*** Opening Supplied information ***

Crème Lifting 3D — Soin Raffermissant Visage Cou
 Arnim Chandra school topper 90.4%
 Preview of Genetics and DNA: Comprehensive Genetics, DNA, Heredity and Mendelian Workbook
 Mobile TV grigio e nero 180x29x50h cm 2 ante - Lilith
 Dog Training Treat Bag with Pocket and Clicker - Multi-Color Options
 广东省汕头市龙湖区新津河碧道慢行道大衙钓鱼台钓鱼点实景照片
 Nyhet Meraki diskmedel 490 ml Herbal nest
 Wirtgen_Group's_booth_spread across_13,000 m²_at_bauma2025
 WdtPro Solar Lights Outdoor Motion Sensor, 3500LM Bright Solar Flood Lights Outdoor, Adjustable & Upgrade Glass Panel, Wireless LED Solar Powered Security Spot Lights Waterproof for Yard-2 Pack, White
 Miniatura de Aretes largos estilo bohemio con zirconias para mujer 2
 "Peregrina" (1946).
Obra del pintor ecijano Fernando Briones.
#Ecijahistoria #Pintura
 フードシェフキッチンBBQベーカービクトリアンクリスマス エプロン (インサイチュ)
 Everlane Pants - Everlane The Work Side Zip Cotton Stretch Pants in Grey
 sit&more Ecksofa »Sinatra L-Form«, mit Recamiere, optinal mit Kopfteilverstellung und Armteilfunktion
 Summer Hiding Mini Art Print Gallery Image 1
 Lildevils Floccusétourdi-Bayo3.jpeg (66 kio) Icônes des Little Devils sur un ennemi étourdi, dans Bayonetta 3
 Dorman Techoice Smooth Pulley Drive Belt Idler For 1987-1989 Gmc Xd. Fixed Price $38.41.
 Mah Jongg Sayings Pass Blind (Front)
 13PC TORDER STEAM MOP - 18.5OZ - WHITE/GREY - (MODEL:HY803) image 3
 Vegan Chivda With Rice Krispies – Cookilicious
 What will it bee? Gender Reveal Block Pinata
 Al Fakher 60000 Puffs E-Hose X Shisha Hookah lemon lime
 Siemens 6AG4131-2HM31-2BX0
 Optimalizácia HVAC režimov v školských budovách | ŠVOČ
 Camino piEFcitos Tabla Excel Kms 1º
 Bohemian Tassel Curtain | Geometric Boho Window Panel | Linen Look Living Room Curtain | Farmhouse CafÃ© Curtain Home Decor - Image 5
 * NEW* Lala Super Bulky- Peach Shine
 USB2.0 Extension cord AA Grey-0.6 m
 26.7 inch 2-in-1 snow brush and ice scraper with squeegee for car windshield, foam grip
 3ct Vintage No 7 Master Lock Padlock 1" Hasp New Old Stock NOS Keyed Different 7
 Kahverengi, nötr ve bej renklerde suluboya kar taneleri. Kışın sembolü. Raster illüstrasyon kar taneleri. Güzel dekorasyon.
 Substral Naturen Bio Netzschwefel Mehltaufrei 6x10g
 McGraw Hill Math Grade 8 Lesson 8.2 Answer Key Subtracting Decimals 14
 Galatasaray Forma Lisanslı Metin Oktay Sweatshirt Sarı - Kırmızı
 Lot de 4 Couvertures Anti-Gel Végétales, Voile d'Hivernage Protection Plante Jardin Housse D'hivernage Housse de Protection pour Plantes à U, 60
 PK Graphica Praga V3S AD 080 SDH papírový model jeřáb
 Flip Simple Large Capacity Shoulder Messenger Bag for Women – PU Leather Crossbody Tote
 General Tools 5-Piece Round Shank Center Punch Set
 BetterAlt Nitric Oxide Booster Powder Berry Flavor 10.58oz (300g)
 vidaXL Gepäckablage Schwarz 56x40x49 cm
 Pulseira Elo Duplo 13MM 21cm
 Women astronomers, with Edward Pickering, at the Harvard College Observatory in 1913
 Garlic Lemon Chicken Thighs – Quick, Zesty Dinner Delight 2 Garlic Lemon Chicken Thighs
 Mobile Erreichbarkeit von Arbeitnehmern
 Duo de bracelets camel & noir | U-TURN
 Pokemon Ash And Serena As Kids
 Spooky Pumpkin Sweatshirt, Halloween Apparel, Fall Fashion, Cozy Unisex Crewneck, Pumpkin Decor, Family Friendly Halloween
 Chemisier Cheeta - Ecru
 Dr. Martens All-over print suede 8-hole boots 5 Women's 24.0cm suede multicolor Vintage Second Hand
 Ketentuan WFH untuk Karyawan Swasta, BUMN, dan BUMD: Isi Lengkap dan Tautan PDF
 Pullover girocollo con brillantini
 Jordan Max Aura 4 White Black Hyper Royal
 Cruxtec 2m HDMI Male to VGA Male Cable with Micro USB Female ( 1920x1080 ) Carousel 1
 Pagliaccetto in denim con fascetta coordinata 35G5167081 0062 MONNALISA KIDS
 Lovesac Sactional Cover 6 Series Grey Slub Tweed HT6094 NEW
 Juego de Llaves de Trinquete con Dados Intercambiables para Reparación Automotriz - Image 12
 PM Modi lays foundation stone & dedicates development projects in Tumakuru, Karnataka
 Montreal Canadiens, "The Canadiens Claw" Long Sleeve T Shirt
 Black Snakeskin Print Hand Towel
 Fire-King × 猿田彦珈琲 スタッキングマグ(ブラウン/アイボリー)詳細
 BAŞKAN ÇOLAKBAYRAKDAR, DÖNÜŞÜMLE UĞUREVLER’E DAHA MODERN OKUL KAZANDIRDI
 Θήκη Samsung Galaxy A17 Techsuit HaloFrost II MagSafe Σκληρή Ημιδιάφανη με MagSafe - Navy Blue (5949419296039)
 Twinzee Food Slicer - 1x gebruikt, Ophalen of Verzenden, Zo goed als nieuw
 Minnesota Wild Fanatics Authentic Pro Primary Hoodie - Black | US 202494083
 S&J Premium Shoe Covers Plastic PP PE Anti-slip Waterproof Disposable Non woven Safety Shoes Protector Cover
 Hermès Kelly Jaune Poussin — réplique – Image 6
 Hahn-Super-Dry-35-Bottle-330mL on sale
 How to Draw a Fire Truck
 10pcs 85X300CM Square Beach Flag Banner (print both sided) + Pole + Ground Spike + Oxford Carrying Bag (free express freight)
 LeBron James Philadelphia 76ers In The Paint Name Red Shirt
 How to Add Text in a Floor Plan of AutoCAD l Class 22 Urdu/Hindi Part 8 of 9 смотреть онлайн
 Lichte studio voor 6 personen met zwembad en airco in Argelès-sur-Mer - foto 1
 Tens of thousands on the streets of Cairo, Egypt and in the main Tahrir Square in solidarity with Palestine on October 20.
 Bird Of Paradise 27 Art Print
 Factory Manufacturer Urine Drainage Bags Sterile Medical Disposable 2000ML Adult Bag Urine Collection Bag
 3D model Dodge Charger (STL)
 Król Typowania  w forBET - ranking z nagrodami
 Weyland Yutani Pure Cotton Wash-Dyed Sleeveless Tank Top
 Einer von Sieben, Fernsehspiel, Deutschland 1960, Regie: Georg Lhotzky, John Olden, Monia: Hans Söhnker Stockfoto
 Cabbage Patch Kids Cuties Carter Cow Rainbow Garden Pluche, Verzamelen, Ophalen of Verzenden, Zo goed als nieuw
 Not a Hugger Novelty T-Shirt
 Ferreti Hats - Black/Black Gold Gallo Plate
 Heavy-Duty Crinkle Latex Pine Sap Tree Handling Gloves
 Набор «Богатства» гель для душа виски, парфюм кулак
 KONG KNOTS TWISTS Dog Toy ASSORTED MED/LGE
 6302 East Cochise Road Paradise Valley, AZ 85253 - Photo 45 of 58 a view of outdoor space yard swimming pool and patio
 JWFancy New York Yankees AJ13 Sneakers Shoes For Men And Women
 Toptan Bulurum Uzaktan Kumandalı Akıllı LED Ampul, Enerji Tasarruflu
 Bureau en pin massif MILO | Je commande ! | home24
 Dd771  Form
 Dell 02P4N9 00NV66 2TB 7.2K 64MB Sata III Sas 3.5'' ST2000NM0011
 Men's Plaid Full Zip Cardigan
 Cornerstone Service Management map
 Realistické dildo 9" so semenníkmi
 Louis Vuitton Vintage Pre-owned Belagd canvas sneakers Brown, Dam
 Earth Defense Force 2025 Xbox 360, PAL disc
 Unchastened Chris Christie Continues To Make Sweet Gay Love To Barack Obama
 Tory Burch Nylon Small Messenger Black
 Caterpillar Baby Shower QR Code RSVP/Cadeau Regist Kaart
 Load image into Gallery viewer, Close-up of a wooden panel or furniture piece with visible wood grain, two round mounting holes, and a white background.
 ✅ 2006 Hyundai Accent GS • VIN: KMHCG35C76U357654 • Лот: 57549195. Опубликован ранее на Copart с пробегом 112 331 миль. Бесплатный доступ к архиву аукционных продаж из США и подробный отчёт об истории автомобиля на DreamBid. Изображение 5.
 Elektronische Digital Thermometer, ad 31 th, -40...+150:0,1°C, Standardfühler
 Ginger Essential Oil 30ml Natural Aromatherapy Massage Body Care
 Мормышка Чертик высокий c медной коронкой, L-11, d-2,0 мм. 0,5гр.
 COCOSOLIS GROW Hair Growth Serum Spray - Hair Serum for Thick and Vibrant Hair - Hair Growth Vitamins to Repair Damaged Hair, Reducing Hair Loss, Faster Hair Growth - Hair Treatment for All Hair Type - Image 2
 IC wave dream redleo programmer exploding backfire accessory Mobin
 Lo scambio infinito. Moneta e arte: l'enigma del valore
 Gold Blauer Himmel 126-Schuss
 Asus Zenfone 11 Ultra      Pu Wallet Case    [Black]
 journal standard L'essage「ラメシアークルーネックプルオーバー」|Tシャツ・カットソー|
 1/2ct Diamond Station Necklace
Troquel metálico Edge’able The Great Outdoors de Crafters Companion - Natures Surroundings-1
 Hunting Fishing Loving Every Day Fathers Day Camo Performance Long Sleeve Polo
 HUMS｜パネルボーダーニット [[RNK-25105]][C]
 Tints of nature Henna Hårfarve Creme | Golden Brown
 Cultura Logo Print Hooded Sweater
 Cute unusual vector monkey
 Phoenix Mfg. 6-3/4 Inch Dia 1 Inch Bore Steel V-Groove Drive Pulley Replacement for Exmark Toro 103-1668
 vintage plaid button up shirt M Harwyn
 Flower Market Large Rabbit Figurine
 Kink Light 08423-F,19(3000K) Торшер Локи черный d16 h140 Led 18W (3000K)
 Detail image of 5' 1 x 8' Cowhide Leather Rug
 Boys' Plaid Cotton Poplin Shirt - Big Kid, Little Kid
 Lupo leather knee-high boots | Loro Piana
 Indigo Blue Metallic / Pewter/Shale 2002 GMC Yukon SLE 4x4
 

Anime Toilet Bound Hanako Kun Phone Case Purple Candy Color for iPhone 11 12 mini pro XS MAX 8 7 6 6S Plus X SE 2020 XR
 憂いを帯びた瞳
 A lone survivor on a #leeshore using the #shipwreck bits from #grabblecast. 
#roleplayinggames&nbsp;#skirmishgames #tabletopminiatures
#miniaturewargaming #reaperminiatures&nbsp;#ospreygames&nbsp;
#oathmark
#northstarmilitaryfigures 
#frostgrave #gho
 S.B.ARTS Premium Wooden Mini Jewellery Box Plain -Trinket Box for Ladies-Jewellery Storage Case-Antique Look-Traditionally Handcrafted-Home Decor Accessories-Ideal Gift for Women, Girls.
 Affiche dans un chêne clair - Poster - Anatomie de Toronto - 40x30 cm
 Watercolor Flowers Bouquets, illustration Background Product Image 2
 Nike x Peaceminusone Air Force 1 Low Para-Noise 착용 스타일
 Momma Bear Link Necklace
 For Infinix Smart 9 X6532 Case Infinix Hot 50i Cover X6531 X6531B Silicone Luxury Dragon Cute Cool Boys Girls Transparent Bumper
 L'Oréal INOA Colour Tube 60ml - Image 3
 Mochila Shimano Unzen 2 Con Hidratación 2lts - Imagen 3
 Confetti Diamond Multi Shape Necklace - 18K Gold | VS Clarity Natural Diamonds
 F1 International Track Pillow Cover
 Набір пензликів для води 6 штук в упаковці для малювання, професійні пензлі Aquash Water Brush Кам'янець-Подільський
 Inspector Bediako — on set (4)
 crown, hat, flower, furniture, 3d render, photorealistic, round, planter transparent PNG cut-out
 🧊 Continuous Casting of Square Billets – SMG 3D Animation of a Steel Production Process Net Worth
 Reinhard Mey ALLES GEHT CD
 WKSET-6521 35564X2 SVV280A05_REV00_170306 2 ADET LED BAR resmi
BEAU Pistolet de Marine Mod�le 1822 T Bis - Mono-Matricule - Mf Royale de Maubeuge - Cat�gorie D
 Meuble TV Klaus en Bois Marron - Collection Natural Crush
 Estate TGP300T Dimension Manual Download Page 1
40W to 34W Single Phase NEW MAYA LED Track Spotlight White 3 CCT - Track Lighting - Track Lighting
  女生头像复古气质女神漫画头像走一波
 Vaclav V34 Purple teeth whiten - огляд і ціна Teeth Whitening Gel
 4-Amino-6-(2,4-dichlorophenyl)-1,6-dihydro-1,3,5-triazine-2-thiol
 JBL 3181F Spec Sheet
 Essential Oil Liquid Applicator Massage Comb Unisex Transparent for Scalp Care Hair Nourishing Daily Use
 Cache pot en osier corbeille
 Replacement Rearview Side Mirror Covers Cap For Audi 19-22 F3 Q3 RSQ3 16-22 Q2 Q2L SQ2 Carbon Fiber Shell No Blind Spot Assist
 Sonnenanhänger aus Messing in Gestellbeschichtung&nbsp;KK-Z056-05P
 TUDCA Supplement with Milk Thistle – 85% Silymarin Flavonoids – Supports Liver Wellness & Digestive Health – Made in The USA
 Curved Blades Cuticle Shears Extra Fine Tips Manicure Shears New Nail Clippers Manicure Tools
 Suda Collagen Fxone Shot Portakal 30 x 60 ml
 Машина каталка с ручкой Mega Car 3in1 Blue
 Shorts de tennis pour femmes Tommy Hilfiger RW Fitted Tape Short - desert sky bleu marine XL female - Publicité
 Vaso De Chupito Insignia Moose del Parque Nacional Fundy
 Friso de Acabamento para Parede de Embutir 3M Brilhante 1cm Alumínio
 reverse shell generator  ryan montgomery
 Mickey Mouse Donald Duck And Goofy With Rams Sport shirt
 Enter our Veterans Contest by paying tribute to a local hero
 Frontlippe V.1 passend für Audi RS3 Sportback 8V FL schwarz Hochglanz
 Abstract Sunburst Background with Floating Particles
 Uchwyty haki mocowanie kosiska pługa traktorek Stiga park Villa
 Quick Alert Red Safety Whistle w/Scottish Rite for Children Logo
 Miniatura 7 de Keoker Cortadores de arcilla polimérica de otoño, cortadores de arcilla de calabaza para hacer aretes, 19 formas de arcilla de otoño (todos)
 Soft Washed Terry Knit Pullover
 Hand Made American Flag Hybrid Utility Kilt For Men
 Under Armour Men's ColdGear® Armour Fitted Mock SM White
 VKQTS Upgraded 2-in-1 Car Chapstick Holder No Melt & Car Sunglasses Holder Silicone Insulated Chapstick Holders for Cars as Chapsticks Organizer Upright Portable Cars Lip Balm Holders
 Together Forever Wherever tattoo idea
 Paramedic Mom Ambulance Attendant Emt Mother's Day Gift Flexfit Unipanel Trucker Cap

*** Closing Supplied information ***

What is asked for is an exact copy of the lines above from the one containing "BAŞKAN ÇOLAKBAYRAKDAR, DÖNÜŞÜMLE" through the one containing "How to Add Text", and only those.

Exercise result
 BAŞKAN ÇOLAKBAYRAKDAR, DÖNÜŞÜMLE UĞUREVLER’E DAHA MODERN OKUL KAZANDIRDI
 Θήκη Samsung Galaxy A17 Techsuit HaloFrost II MagSafe Σκληρή Ημιδιάφανη με MagSafe - Navy Blue (5949419296039)
 Twinzee Food Slicer - 1x gebruikt, Ophalen of Verzenden, Zo goed als nieuw
 Minnesota Wild Fanatics Authentic Pro Primary Hoodie - Black | US 202494083
 S&J Premium Shoe Covers Plastic PP PE Anti-slip Waterproof Disposable Non woven Safety Shoes Protector Cover
 Hermès Kelly Jaune Poussin — réplique – Image 6
 Hahn-Super-Dry-35-Bottle-330mL on sale
 How to Draw a Fire Truck
 10pcs 85X300CM Square Beach Flag Banner (print both sided) + Pole + Ground Spike + Oxford Carrying Bag (free express freight)
 LeBron James Philadelphia 76ers In The Paint Name Red Shirt
 How to Add Text in a Floor Plan of AutoCAD l Class 22 Urdu/Hindi Part 8 of 9 смотреть онлайн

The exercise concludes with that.